I often wonder if the Internet has made the world a better place. We have more information, to be sure. But it’s not necessarily better information. In fact, some of it is completely false or fabricated. Anyone can post anything on the Internet.

President Barack Obama discussed this last May when he addressed graduates at a commencement speech at Hampton University. “You’re coming of age in a 24/7 media environment that bombards us with all kinds of content and exposes us to all kinds of arguments––some of which don’t rank all that high on the truth meter,” he said. “With iPods and iPads; Xboxes and PlayStations, information becomes a distraction, a diversion, a form of entertainment, rather than a tool of empowerment.”

Of course, many media outlets were enraged by the President’s commentary, but the question remains: Has information become a distraction? I suppose that often is the case. But, contrary to the President’s generalization, in the right hands, technology and information can be used properly as a “tool of empowerment.” The challenge, of course, is sifting though the rubbish to find the credible, relevant details that you seek.

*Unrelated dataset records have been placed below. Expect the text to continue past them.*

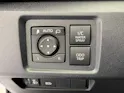 Toyota GR Yaris 1.6 Turbo Sport 4x4
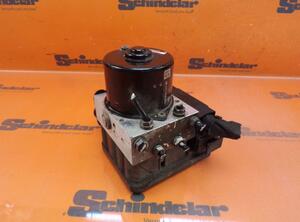 Abs Hydraulic Unit VW GOLF V (1K1)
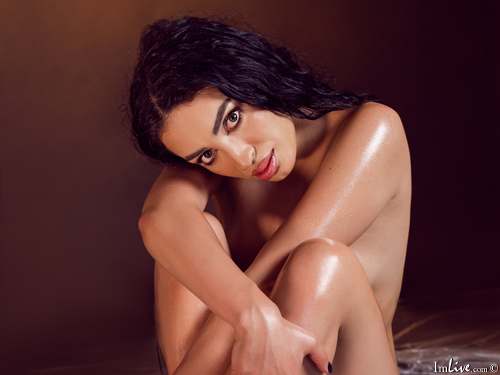 victorialanee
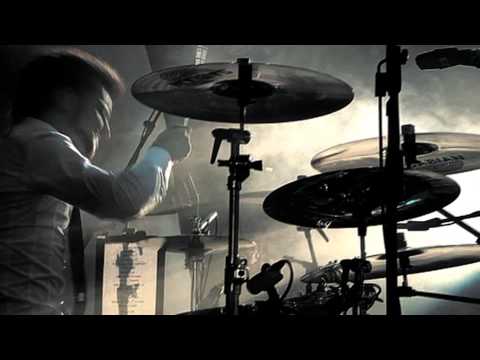 McFly Wonderland Tour HD - That Girl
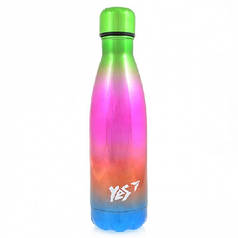 Термос 500 мл No706721 gradient Fresh explosion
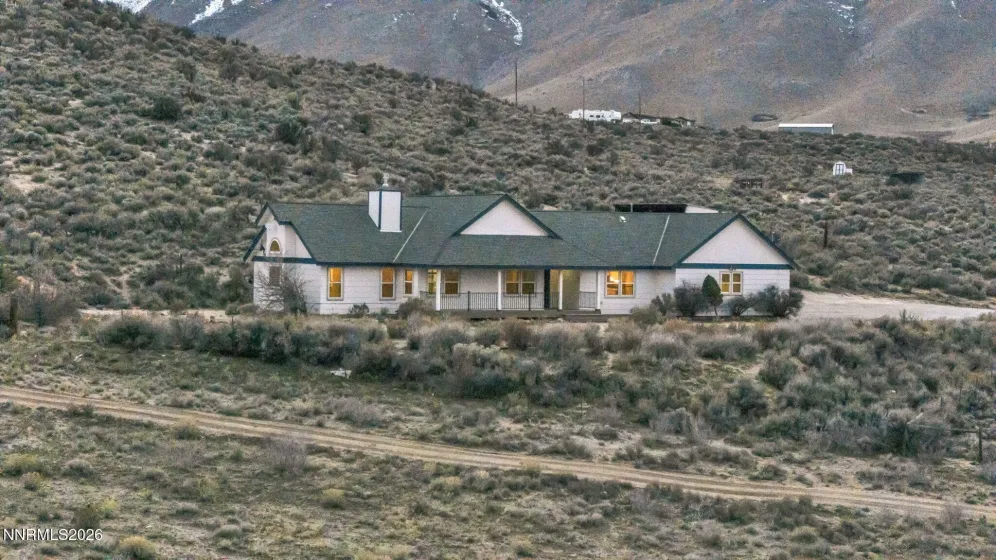 45 Arabian, Reno, Nevada 89508, 3 Bedrooms Bedrooms, ,2 BathroomsBathrooms,Residential,Residential,Arabian,260002605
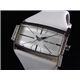 TIME FORCE（タイムフォース） 腕時計 レディース TF3296L02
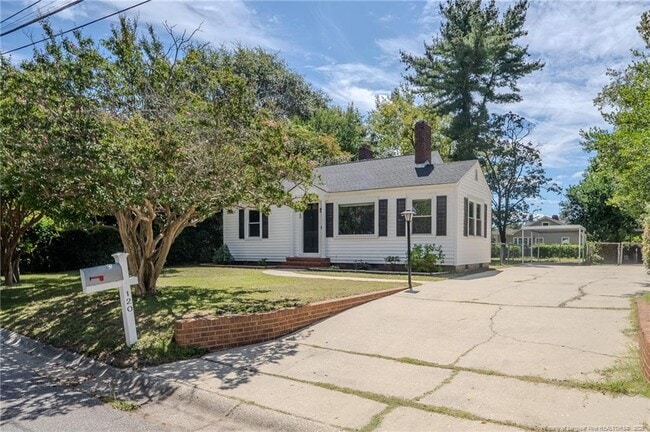 Photo - 120 Kirkland Dr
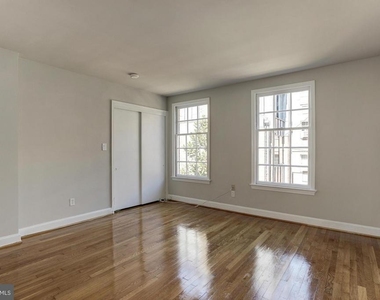 2531 Queen Annes Lane Nw - Photo Thumbnail 20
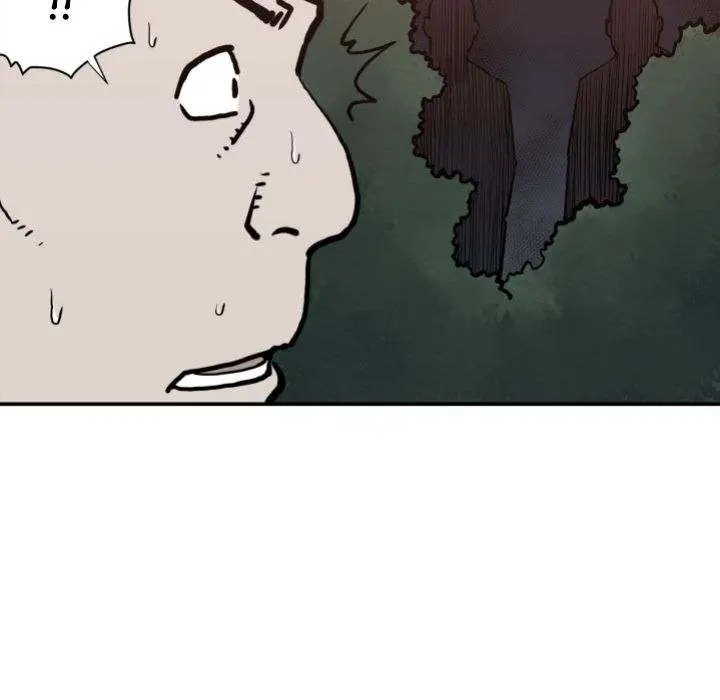 TWOMAN Episode 63 - Page 75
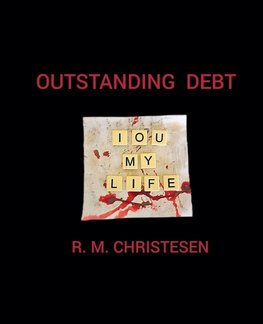Outstanding Debt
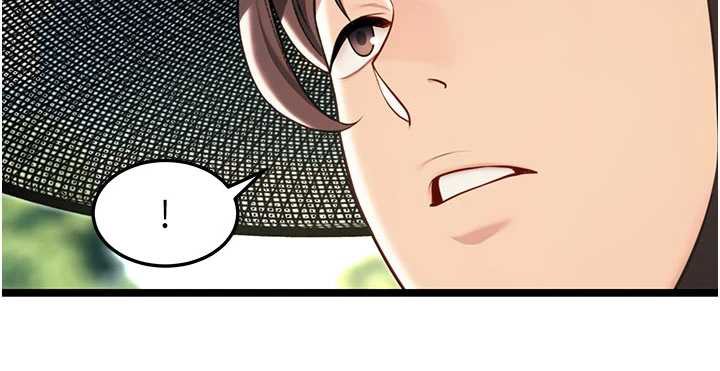 命運:貞潔慾女第64話-自主獻身報浩恩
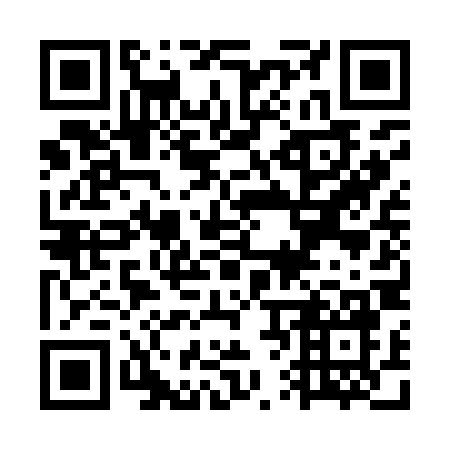 QR code for WV49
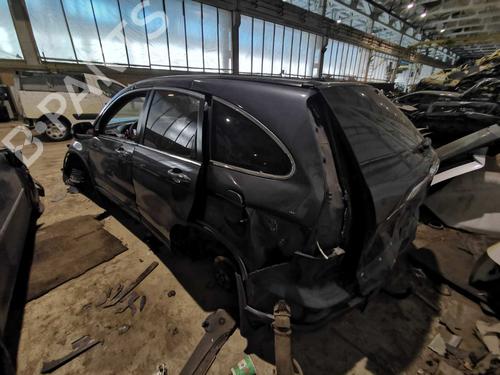 Speaker HONDA CR-V III (RE_) 2.2 i-CTDi 4WD (RE6) | BP32552760E2 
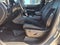 2018 Jeep Grand Cherokee LARE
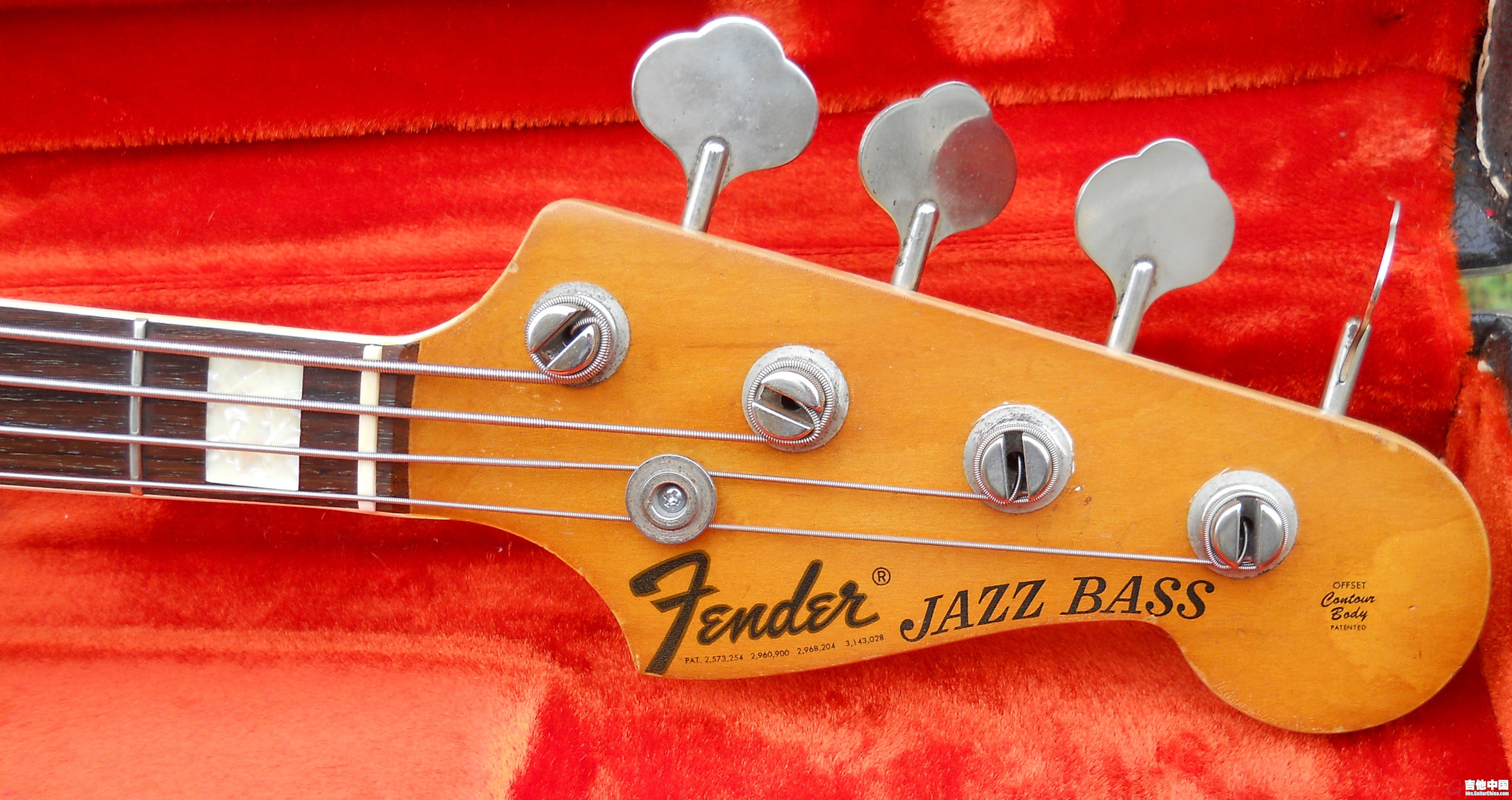 71 Fender headstock.jpg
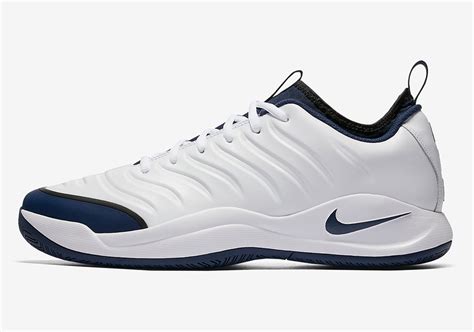 nike air zoom 20 anniversary kaufen|Buy Air Zoom Oscillate LTR '20th Anniversary' .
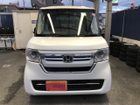 車両画像14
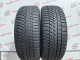 215/55 R17 CONTINENTAL WINTERCONTACT TS850P CONTISEAL 5mm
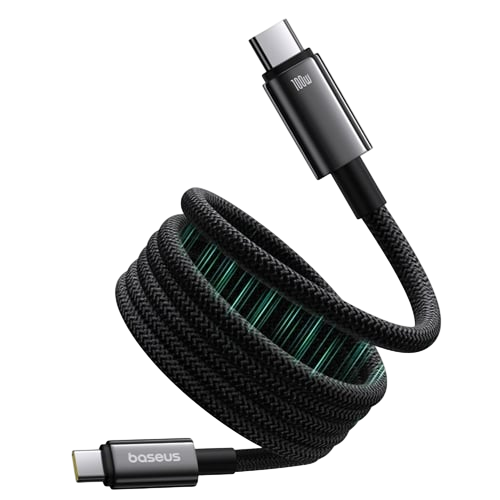 cap-sac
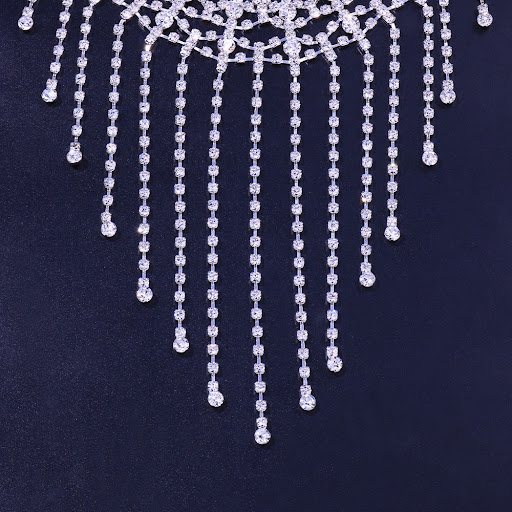 miniatures image - 5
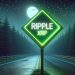 XRP Price Nearing Breakout: Can It Finally Push Higher?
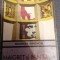 Maigret si fantoma &ndash; Georges Simenon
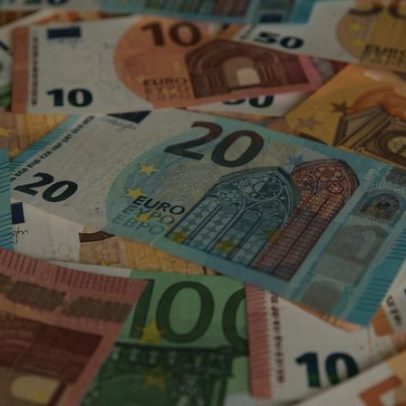 PRR paga 15 milhões de euros a beneficiários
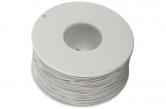 Wrap Wire 30awg White 1000ft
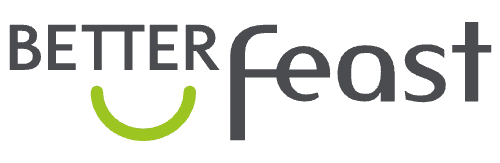 BetterFeast logo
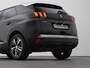 Peugeot 3008 1.2 PureTech 130 PK Automaat Allure | CAMERA | KEYLESS | 360°
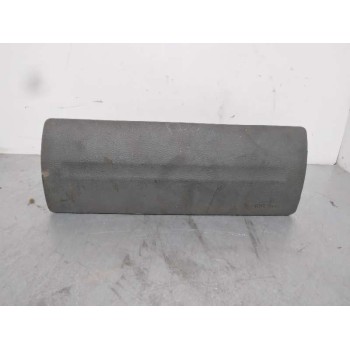 AIRBAG DELANTERO DERECHO 8200213634E 8200213634E 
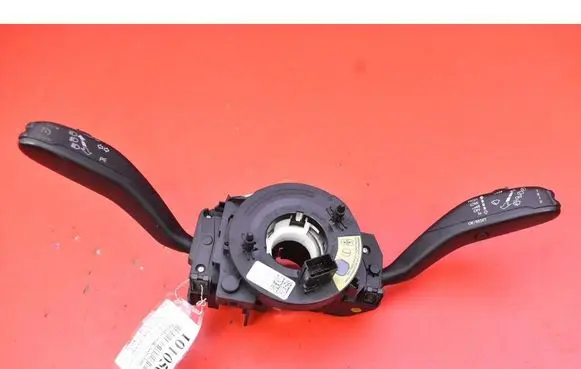 Volkswagen Cross Polo Other switches/knobs/shifts 6R0953521C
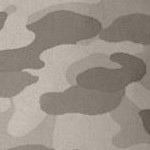 olive green camouflage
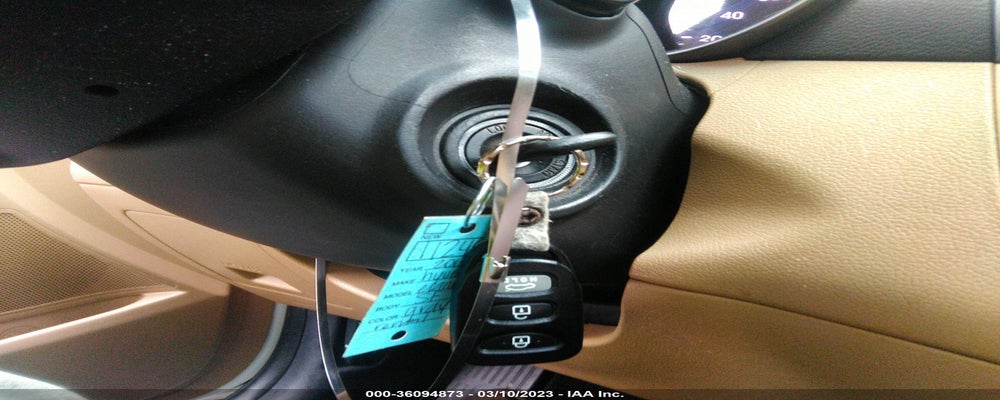 5NPDH4AE5DH326462 2013 HYUNDAI ELANTRA photo no. 11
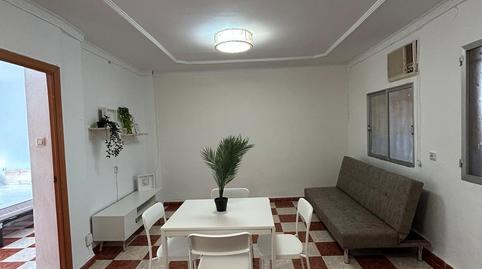 Photo 5 of Flat for rent in Poble Nou, Torrent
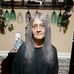 Beverly Morrison - Facebook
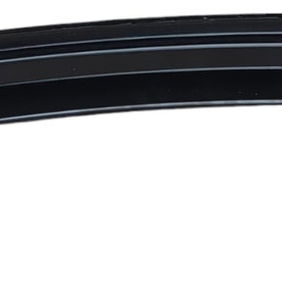 Alma Para-choque Traseiro Range Rover Velar 2019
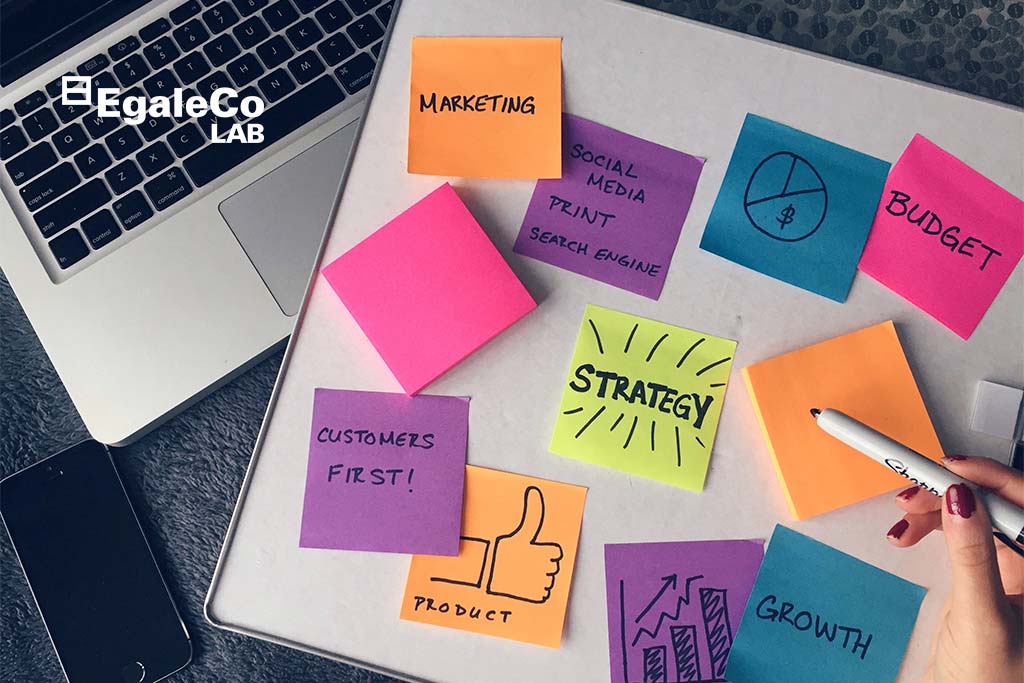 igualdad, PYME, covid19 y RSC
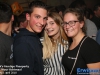 20180401henkshontigepaasparty042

I will grant you this: In many ways, the Internet has made life more difficult. It’s opened so many doors that we don’t know which to look behind first. But we are smart people who know that Google is not a source (just don’t try telling that to your patients when they inform you about the latest available treatments for whatever ails them).

We know, or are learning, how to find the diamond in the rough. That is the real challenge we are facing now—not the accessibility of too much information, but rather the time-consuming labor involved in filtering through it all. In fact, the President touched on this too:“With so many voices clamoring for attention on blogs, on cable, on talk radio, it can be difficult at times to sift through it all; to know what to believe; to figure out who’s telling the truth and who’s not. Let’s face it, even some of the craziest claims can quickly gain traction,” he said during the same address.

All of this got me thinking about ARVO because, while the association does an outstanding job of selecting abstracts for publication at their meeting, it is just too much for the average practitioner to absorb. Last year, ARVO selected hundreds of abstracts for attendees to choose from.

To that end, Review has put together what our team believes are ARVO’s Greatest Hits, so to speak. As in years past, we’ve selected four leading optometrists to read through all of the abstracts to provide you with a more digestible list and summary of what they believe will change the face of eye care in the years to come (see Review’s Expert Research “Filters”). It’s still a lot—but it’s a start.